Upon completion of the transaction, BancWest will have $31 billion in assets and serve more than 1.5 million customers in 350 branches throughout the Western United States. From the standpoint of deposits, BancWest's market share will be the fourth largest in the Golden State.

United California lists approximately the same amount of assets as First Hawaiian competitor Bank of Hawaii.

BNP said the United California branches will operate under the Bank of the West brand once the merger its completed next year. The bank also said it expects to consolidate duplicative administrative functions and overlapping branches.

BancWest and United California, which have initiated a hiring freeze in their non-Hawaii operations, said job reductions will largely come about through attrition. United California has about 2,800 employees, BancWest employs about 4,900.

Shares of BancWest Corp. were up a penny today at $34.98 on the New York Stock Exchange. Last week, BNP announced that it will complete its $35-a-share takeover of BancWest on Dec. 20.

The deal is part of BancWest's aggressive expansion plan, which includes more than a dozen mergers and acquisitions since1990.

The United California deal will add retail customers in southern California to BancWest's commercial lending in the north and center of the state.

"California is a growing market," Michel Pebereau, BNP Paribas' chairman, said at a press conference. "And it's attractive because we're already there."

BNP will have about 3.3 percent of California's banking market. In France, it has a market share of about 10 percent.

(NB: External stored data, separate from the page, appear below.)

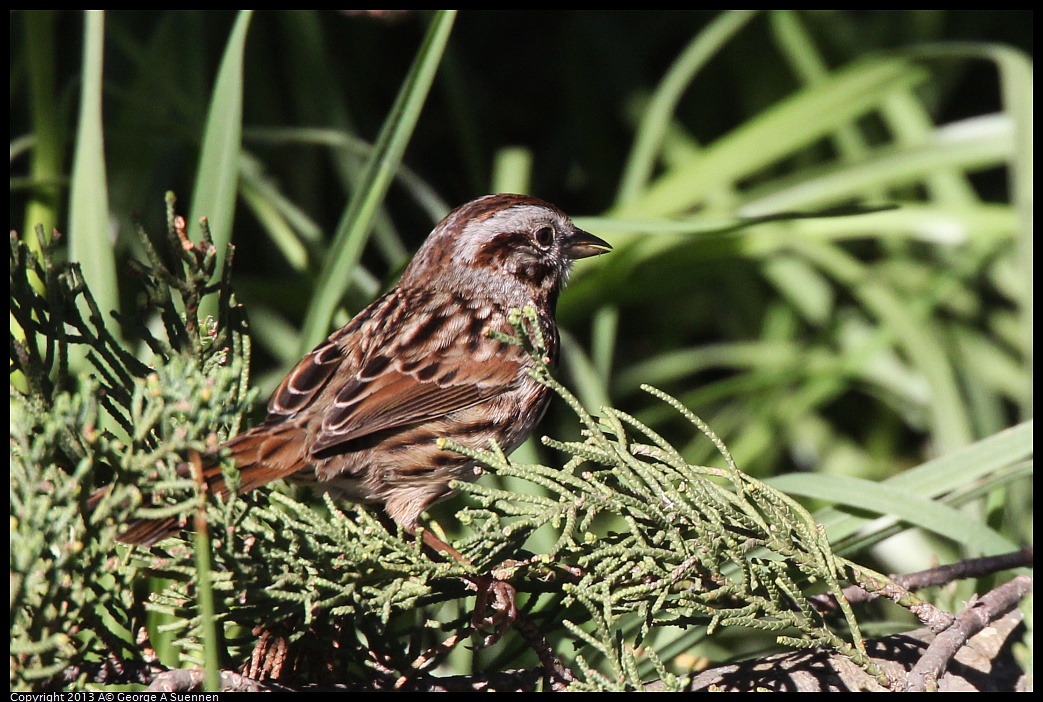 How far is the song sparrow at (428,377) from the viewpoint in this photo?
5.69 ft

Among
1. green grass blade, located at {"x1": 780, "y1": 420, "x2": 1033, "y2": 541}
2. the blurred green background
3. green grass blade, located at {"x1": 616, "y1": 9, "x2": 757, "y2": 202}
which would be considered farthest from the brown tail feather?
green grass blade, located at {"x1": 616, "y1": 9, "x2": 757, "y2": 202}

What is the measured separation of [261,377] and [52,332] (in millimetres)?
1322

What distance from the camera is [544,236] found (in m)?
2.32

BNP said there were only "a limited number of bidders" for United California, which earned $129 million in the last fiscal year, according to Bloomberg News. UFJ has been seeking a buyer for United California since August, Shougo Kimura, a bank spokesman, told Bloomberg News.

The deal comes as Japanese financial institutions are under pressure to sell their American units.

In July, GE Capital Corp., the largest non-bank financing company, bought Fuji Bank Ltd.'s Heller Financial Inc. for $5.3 billion. A month earlier, Tyco International Ltd. paid $10 billion for CIT Group Inc., in which Dai-Ichi Kangyo Bank Ltd. held a 27 percent stake. Zions Bancorporation agreed to buy Sumitomo Bank of California for $546 million in March 1998.

"It's a reasonable decision for Japanese banks to withdraw their equity holdings in international operations where there are no synergies with their domestic operations," said Takamasa Yamaoka, a banking analyst at Standard & Poor's Corp. in Tokyo.